The basis of the invention is the task of expanding the scope of use and increasing the effectiveness of the thermal jet coagulator for surgical operations by improving its structural construction, in particular, by installing in it a pre-assembled fitting consisting of fixed and movable parts, making radial holes on the outer threaded surface of the latter for the passage of cooling flow, positioning the metal protective tube on the fixed part of the fitting, providing the body of the thermal jet coagulator with a telescopic shape, equipping the thermal jet coagulator with a limiter and a pre-bent plastic tube, as a result of which a uniform gap is formed between the protective metal tube and the moving part of the fitting for the passage of the cooling flow, the flow of which is regulated the degree of opening of the radial holes during the rotation of the moving part of the fitting relative to the stationary one provides the possibility of adjusting the direction and angle of deviation of the thermostat skill, as well as the length of the tool by manually moving the telescopic elements relative to each other or with the help of a plastic tube.

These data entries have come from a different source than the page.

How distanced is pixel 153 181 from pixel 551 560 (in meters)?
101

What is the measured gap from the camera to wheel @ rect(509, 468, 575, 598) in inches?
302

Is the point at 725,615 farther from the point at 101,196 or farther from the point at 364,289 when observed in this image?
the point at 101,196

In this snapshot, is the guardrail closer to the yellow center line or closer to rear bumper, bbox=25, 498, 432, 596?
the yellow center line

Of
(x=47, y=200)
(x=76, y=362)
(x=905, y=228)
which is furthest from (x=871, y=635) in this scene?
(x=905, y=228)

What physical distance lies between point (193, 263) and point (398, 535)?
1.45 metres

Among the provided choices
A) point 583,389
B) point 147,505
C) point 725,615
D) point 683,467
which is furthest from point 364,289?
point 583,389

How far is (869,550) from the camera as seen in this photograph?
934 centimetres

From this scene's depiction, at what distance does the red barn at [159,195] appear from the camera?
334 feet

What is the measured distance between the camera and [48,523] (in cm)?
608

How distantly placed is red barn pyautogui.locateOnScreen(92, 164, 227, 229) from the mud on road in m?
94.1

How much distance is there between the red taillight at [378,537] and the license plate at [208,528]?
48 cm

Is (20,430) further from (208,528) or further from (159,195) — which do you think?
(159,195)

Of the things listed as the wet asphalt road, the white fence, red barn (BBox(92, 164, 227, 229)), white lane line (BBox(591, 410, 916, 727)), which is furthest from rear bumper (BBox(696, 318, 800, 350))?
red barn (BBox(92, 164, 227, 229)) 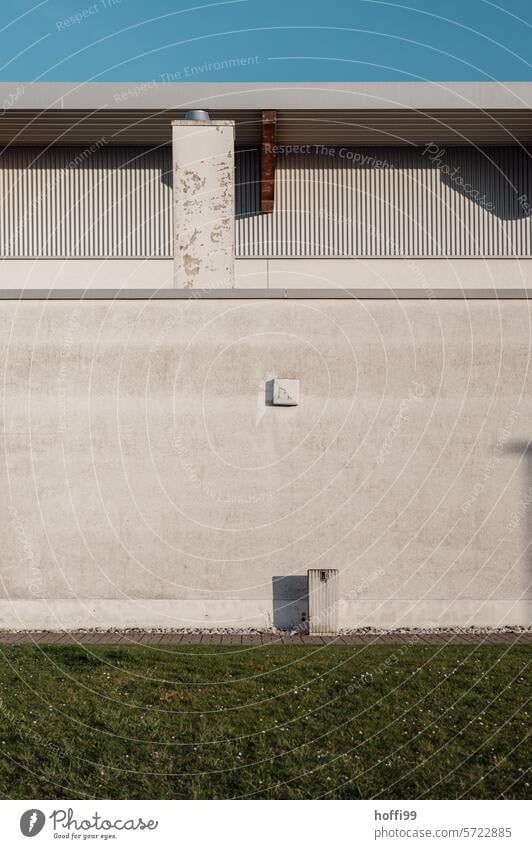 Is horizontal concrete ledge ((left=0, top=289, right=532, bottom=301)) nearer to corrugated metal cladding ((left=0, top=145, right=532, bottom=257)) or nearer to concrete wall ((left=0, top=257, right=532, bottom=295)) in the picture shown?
concrete wall ((left=0, top=257, right=532, bottom=295))

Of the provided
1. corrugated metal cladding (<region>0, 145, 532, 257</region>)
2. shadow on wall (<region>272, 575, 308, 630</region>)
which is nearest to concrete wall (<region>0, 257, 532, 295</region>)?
corrugated metal cladding (<region>0, 145, 532, 257</region>)

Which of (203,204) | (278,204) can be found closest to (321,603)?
(203,204)

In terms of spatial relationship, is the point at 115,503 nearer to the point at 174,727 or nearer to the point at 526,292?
the point at 174,727

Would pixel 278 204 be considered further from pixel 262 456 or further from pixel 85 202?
pixel 262 456

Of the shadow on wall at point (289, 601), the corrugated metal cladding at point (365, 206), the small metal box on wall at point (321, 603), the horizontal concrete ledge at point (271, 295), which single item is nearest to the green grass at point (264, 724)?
the small metal box on wall at point (321, 603)

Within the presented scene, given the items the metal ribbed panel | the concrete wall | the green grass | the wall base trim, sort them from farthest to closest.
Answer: the metal ribbed panel
the concrete wall
the wall base trim
the green grass

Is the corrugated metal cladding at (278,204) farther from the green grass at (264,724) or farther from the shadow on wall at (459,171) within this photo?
the green grass at (264,724)

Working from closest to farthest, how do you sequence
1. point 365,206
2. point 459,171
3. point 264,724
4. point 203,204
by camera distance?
point 264,724 < point 203,204 < point 365,206 < point 459,171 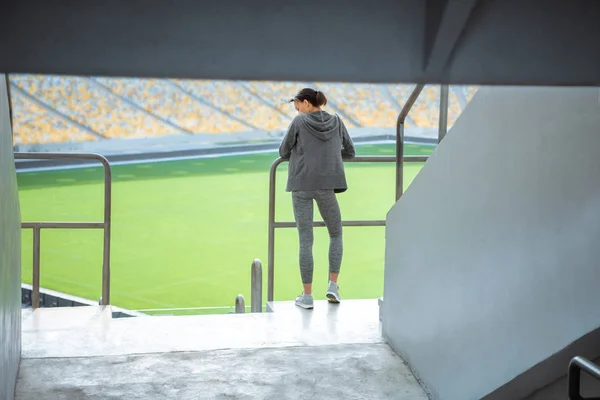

The invention is also based on the task of expanding the scope of use and increasing the efficiency of the thermal jet coagulator for surgical operations by improving its structural construction, in particular, by installing in it a prefabricated fitting consisting of fixed and movable parts, making radial holes on the outer threaded surface of the latter for passage cooling flow, positioning a metal protective tube on the fixed part of the fitting, providing the body of the thermal jet coagulator with a telescopic shape, equipping it with a flexible tube connected through a connecting fitting with a plastic one, equipping it with a limiter and a movable wire rod that interacts with the fixed part of the fitting, in as a result, a uniform gap is formed between the protective metal tube and the moving part of the fitting for the passage of the cooling flow, the flow of which is regulated by the degree of opening

From the radial holes, when the moving part of the fitting is relatively stationary, it is possible to adjust the direction and deflection angle of the thermal jet in a wide range with the help of a wire rod, as well as the length of the tool by moving the plastic tube.

The basis of the invention is also the task of expanding the scope of use and increasing the efficiency of the method of conducting surgical operations with the application

C5 of the thermal jet coagulator by using carbon dioxide to form a laminar jet, taking it from the patient's abdominal cavity and feeding it to the thermal jet coagulator, and from the thermal jet coagulator - again to the abdominal cavity with the repetition of these techniques throughout the entire period of thermal jet treatment of the wound, as a result of which if carbon dioxide bubbles get into the venous vessels, the latter, due to their affinity with the composition of the blood, dissolve in it without the threat of embolism, and conditions are also created for the operation at constant intra-abdominal pressure.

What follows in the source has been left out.